Work required
Drop the pictures and repeat exactly from the "Washington State Route" line down to the last line of the entries below.

____

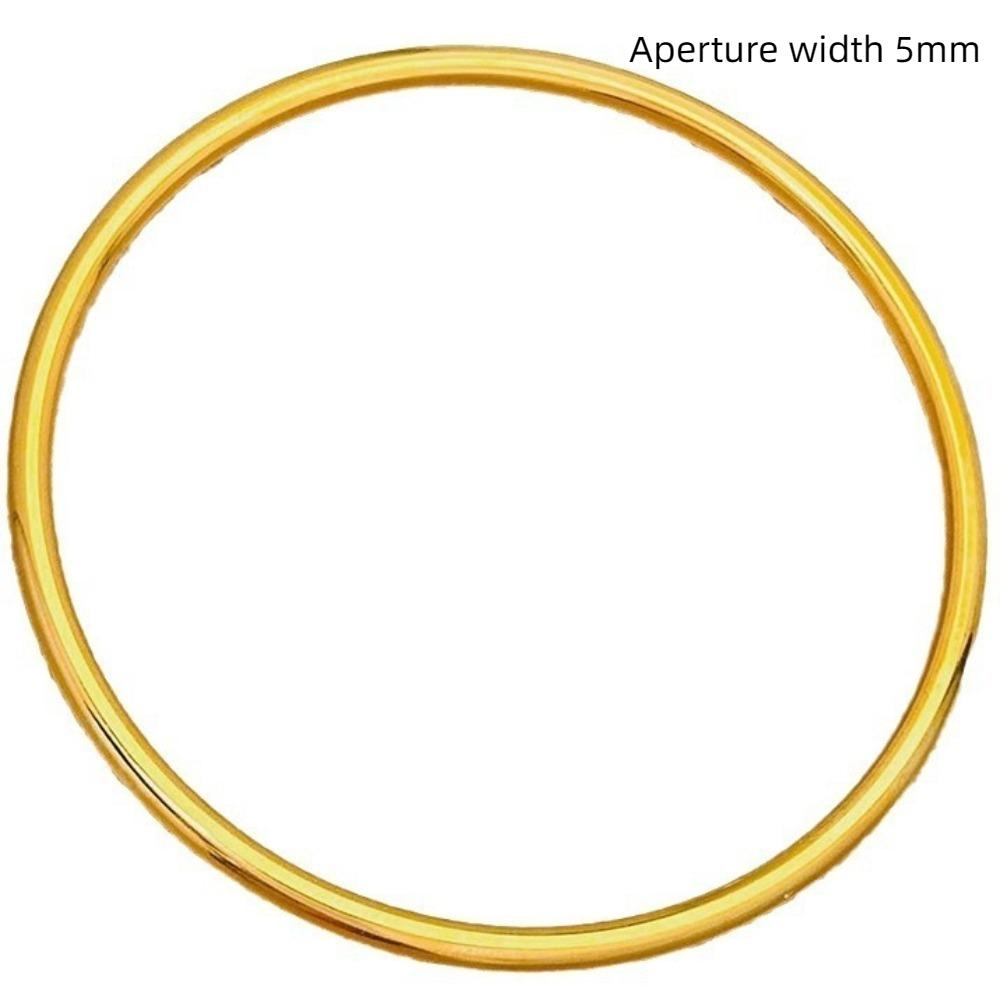 Colorfast Women's Bracelets Solid Jewelry Trendy Bracelet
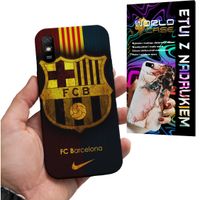 ETUI CASE DO XIAOMI REDMI 9A - FC BARCELONA PIŁKARSKIE WZORY REAL MADRYT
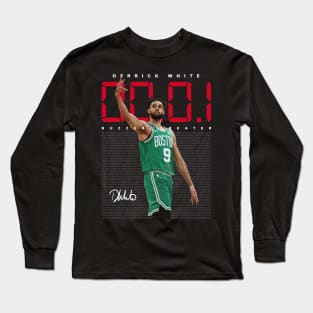 Derrick White Buzzer Beater Long Sleeve T-Shirt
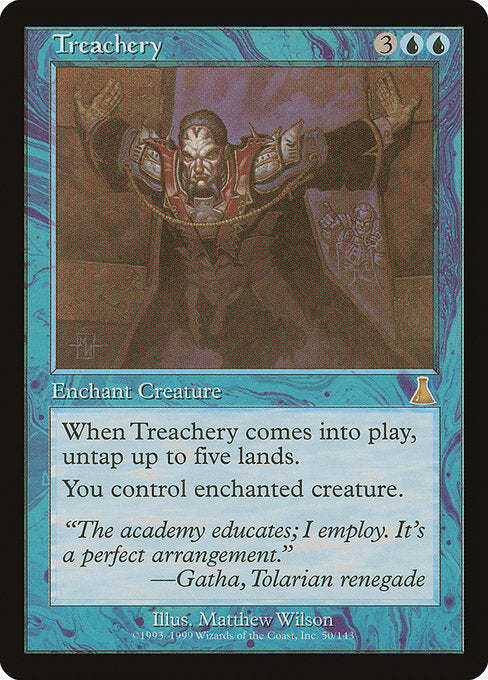 Treachery - Nonfoil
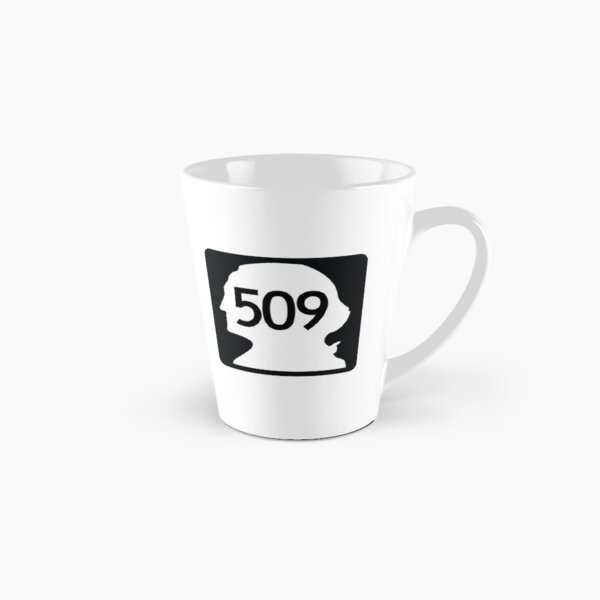 Washington State Route 509 (Area Code 509) Tall Mug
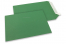 229 x 324 mm - Donkergroen gekleurde enveloppen papier | Enveloppenland.be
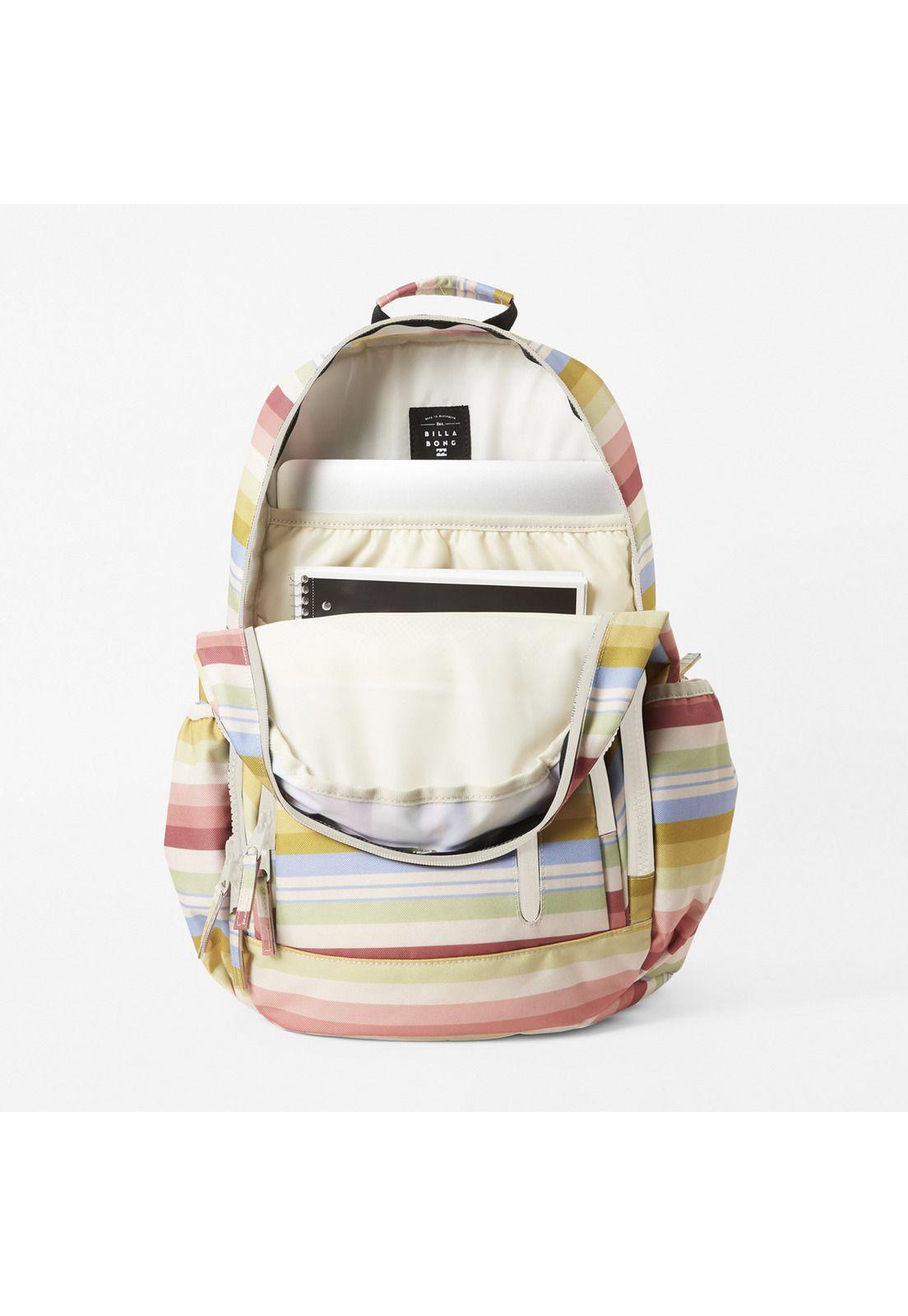 Mochila Mujer Roadie J Bkpk Azul-3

____

Answer space
 Washington State Route 509 (Area Code 509) Tall Mug
 229 x 324 mm - Donkergroen gekleurde enveloppen papier | Enveloppenland.be
 Mochila Mujer Roadie J Bkpk Azul-3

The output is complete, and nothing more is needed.